## [What is expected]
Please copy only the material from the line that has "Codificaciones en Ethernet, comparación" to the very last line, both ends included, exactly as written and without pictures.
(Beginning of Data listing)
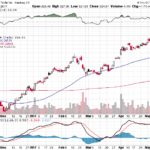 Tesla, Inc. 【TSLA】投資情報： 2017年05月13日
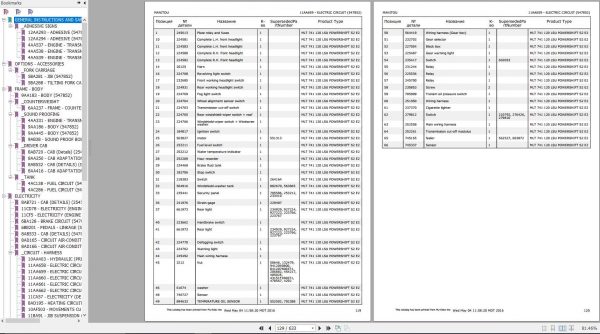 Manitou MLT 741 120 LSU POWERSHIFT S2 E2 Genuine Parts Catalogue 2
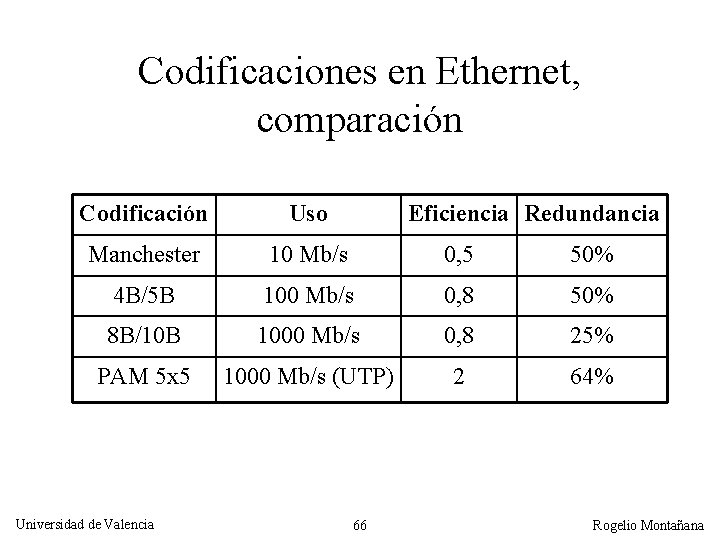 Codificaciones en Ethernet, comparación Codificación Uso Manchester 10 Mb/s 0, 5 50% 4 B/5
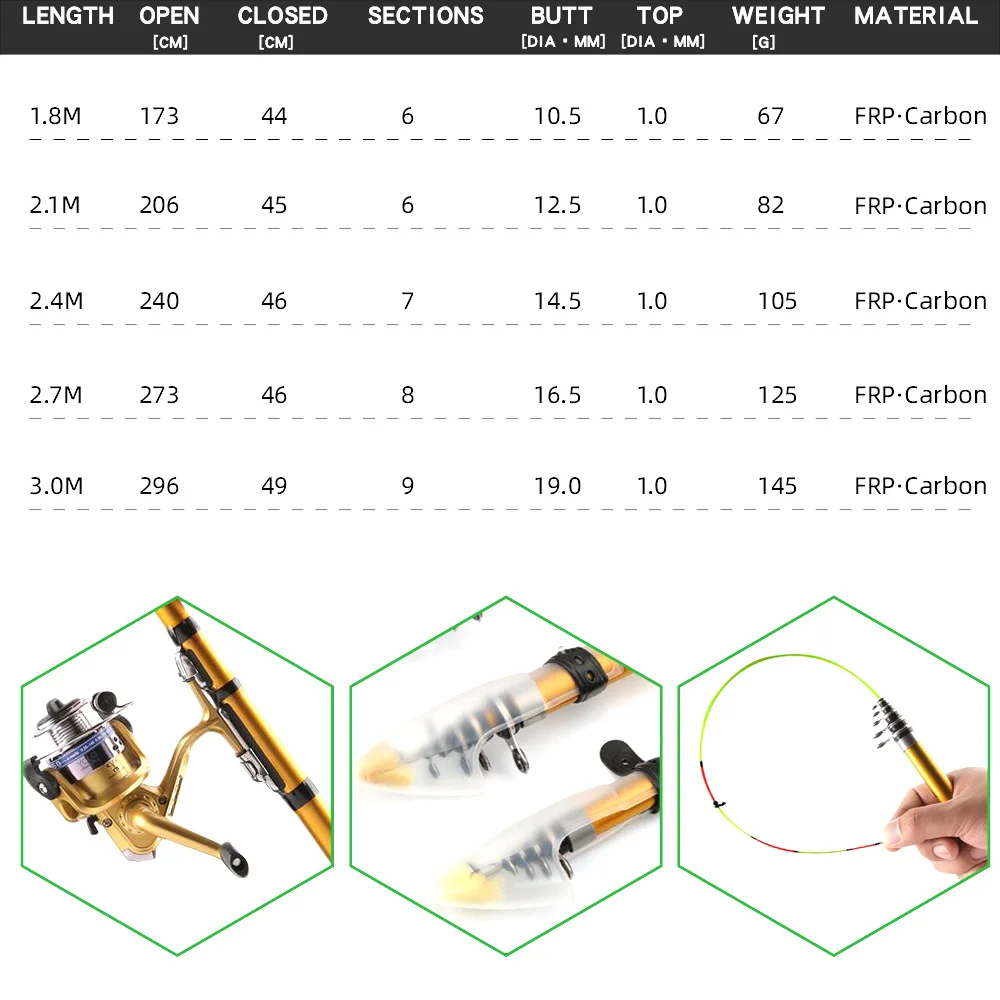 Спиннинг телескопическая удочка из углеродного волокна для ловли карпа фидер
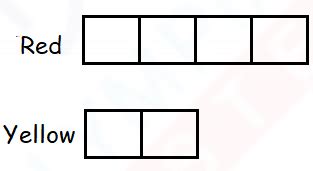 Class 3 CBSE downloadable measurement worksheets – Olympiad tester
(End of Data listing)
## [Response to the exercise]
 Codificaciones en Ethernet, comparación Codificación Uso Manchester 10 Mb/s 0, 5 50% 4 B/5
 Спиннинг телескопическая удочка из углеродного волокна для ловли карпа фидер
 Class 3 CBSE downloadable measurement worksheets – Olympiad tester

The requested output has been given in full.